OpenEuphoria.org
Ticket #822:
Bad xml
-
Reported by
mattlewis
Nov 26, 2012
The rss feed sometimes results in bad xml, apparently due to encoding issues. In particular, on http://openeuphoria.org/forum/m/119918.wc:
opções
This is saved as: 70 E7 F5 65 73. Character F5 is not valid UTF8. It should be C3 B5. When I wget the feed and open it with my editor, it auto-detects the encoding as ISO-8859-15. Not sure where the encoding problem occurs (DB collation, euweb?).
This problem causes problems for RSS readers that only display feeds with correct XML.
Details
1. Comment by mattlewis
Nov 27, 2012
Actually, that post, while failing validation, seems ok in my reader. It was actually the original post that was problematic.

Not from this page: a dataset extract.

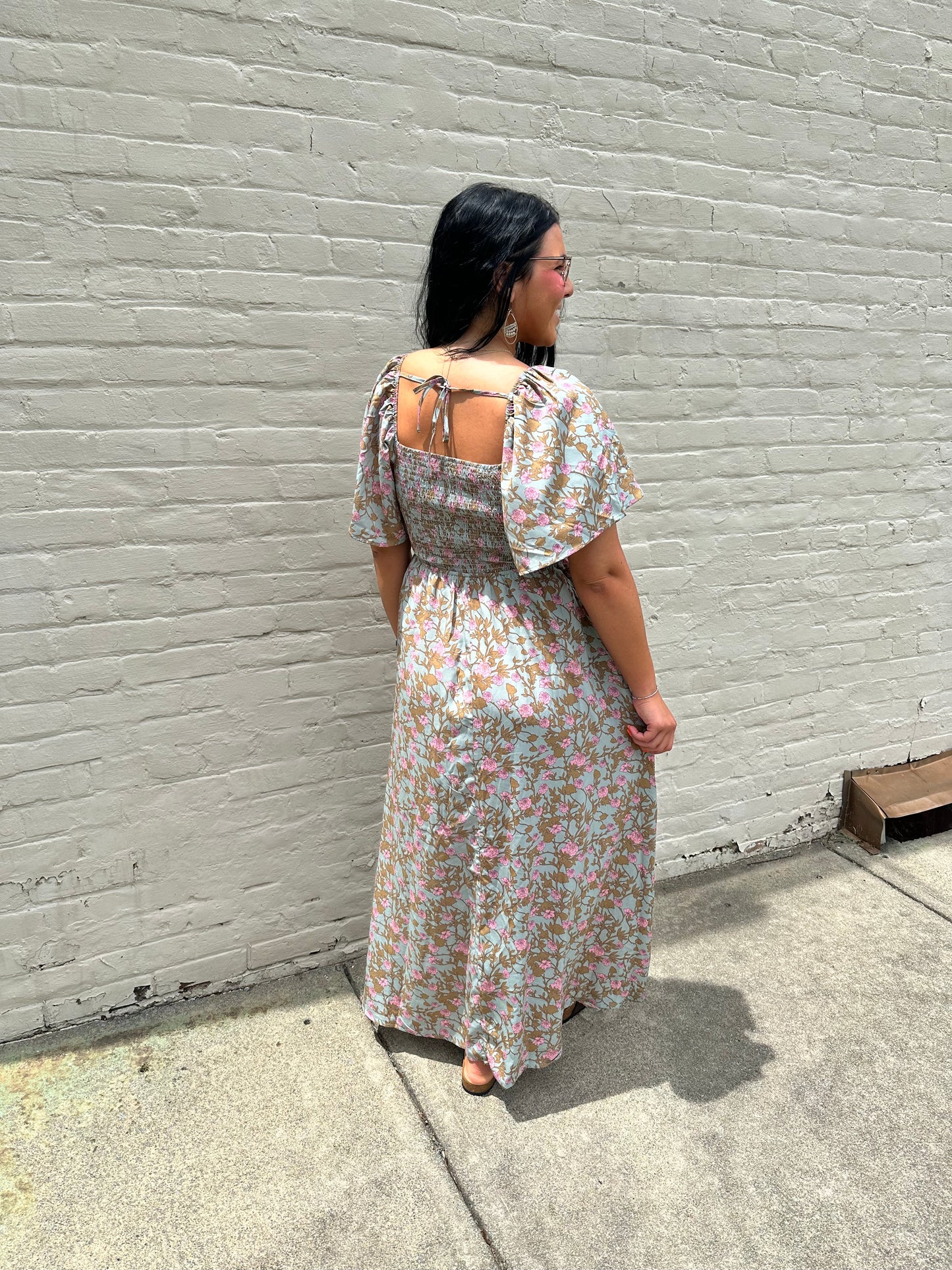 Wishlist "Tangled" Floral Print Dress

It had some weird character data in there (I edited it to get rid of the bad data):
<p> &lt;eucode&gt; &lt;/eucode&gt;</p>
After the first
>, there are the bytes 1A AD, which cause validation to fail.
2. Comment by mattlewis
Nov 29, 2012
I tried adding a wrapper around iconv to sanitize the UTF-8, but that leaves in the 1A character, which seems to be bad for RSS. A simple removal of '1A's seems to fix the feed as far as that goes, though the sanitization might be good to have anyways.
(See code in the test directory tree on openeuphoria.org.)